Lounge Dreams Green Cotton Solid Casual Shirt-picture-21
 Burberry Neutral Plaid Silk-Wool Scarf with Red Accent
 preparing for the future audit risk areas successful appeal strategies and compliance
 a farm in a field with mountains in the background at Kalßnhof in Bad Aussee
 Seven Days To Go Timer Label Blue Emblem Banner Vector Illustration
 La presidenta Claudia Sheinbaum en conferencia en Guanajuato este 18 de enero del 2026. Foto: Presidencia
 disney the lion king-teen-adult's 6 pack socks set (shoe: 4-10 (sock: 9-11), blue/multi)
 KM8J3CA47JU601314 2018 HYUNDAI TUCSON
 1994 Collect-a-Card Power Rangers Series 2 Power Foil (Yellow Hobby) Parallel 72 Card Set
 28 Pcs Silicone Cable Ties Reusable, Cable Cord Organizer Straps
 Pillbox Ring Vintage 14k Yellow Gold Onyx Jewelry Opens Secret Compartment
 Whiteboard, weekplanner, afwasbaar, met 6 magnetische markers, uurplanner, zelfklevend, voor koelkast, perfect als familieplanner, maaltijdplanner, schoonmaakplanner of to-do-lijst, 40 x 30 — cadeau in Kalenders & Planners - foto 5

| YOUR GOAL |
Copy out each line of the records that holds the string "Yellow".

| EXERCISE SOLUTION |
 1994 Collect-a-Card Power Rangers Series 2 Power Foil (Yellow Hobby) Parallel 72 Card Set
 Pillbox Ring Vintage 14k Yellow Gold Onyx Jewelry Opens Secret Compartment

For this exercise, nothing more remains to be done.